Prohibited Substance Contact Prevention
1.How do I prevent prohibited substance contact in an organic handling facility?
Preventing prohibited substance contact means ensuring that no substance prohibited under the NOP comes into contact with certified organic products at any point in the handling process — not on the production line, not in storage, not during packaging, and not during transportation.
The most common sources of prohibited substance contact risk in handling facilities:
1. Cleaning and sanitation chemicals: Many conventional food-grade sanitizers contain synthetic substances prohibited under the NOP. Your facility's approved cleaning and sanitation materials must be on your OSP and approved by your certifier. Unapproved sanitizers used on equipment that contacts organic product is one of the most common handling non-compliance findings.
2. Packaging materials: Conventional packaging materials may contain synthetic coatings, inks, or treatments that could contact the product. Confirm with your certifier that your packaging materials are acceptable for contact with certified organic products.
3. Pest management in processing facilities: Many conventional facility pest management programs use synthetic pesticides that are prohibited in organic handling operations. Your facility pest management program must use only NOP-approved pest control materials, and any pest management activity must be documented.
4. Equipment lubricants: Mechanical lubricants that contact food-contact surfaces must be food-grade and must not introduce prohibited substances into organic products.
5. Adjacent conventional production: Where shared equipment or adjacent production lines handle conventional products, validated cleaning must prevent any residue transfer.
2.What should my organic handling facility's pest management program look like?
Pest management in a certified organic handling facility requires the same hierarchical approach that NOP requires on the farm — beginning with prevention and proceeding to intervention only when necessary, using only NOP-approved materials.

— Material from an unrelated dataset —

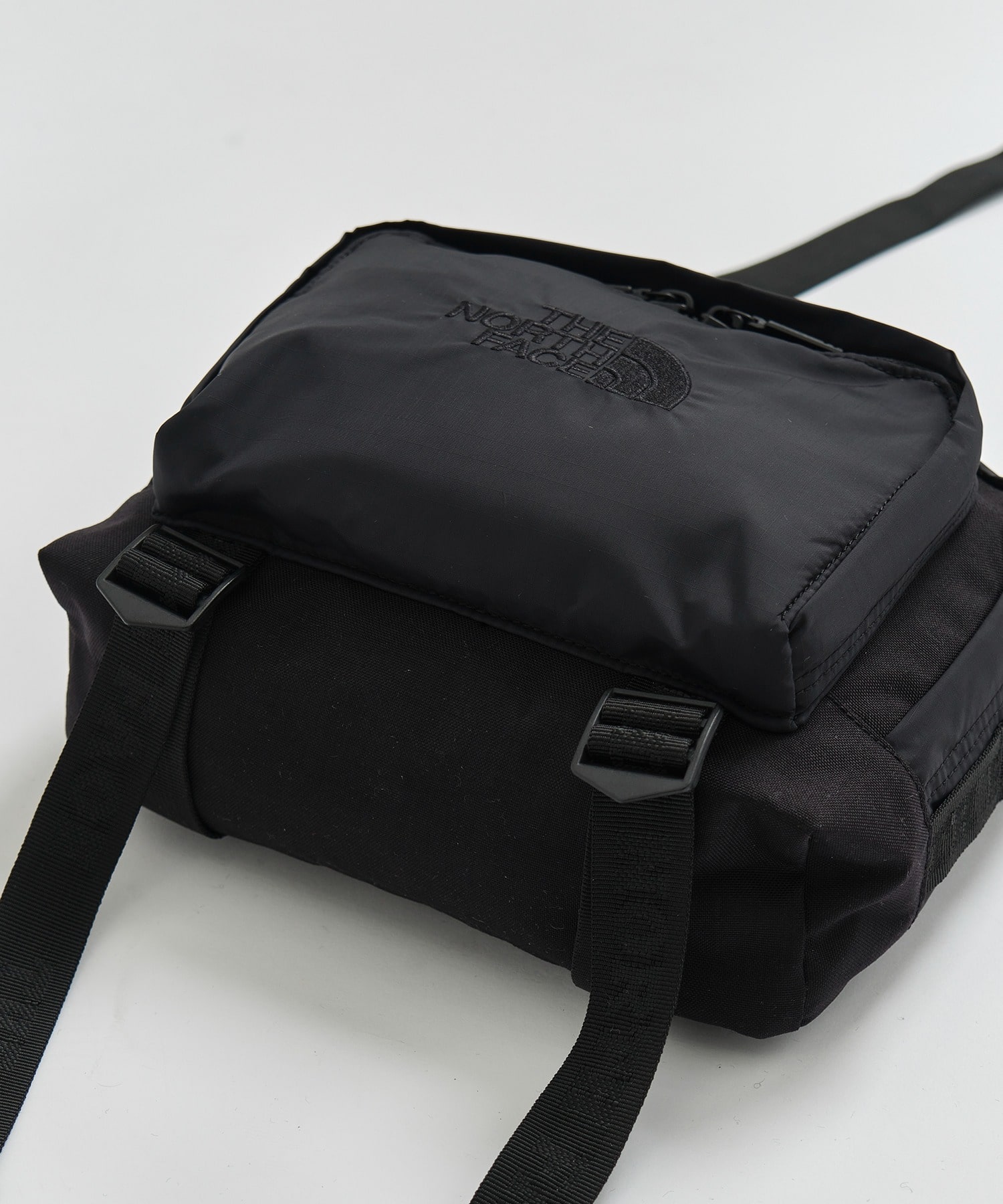 CORDURA Nylon Shoulder Bag THE NORTH FACE PURPLE LABEL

The NOP pest management hierarchy for handlers (§ 205.271):
1. Prevention (primary): Facility design and management practices that prevent pest access and establishment
• Physical exclusion: screens, door sweeps, sealed pipe penetrations, proper loading dock management
• Sanitation: eliminating food sources, proper waste management, keeping facility clean and dry
• Environmental controls: temperature and humidity management that discourages pest establishment
2. Mechanical and physical controls (if prevention is insufficient):
• Traps, sticky boards, light traps
• Physical removal
3. Approved biological controls:
• Predatory or parasitic insects
• Approved biological pest control agents
4. Approved materials (only when other methods are insufficient):
• Only materials listed as approved on the National List (§ 205.605) may be used
• Application must not contact organic product or food-contact surfaces
• All pest management applications must be documented: date, material used, location, applicator
If you use a third-party pest control company, they must understand and operate within NOP's approved materials list. All pest control activities in your facility should be reviewed with your certifier.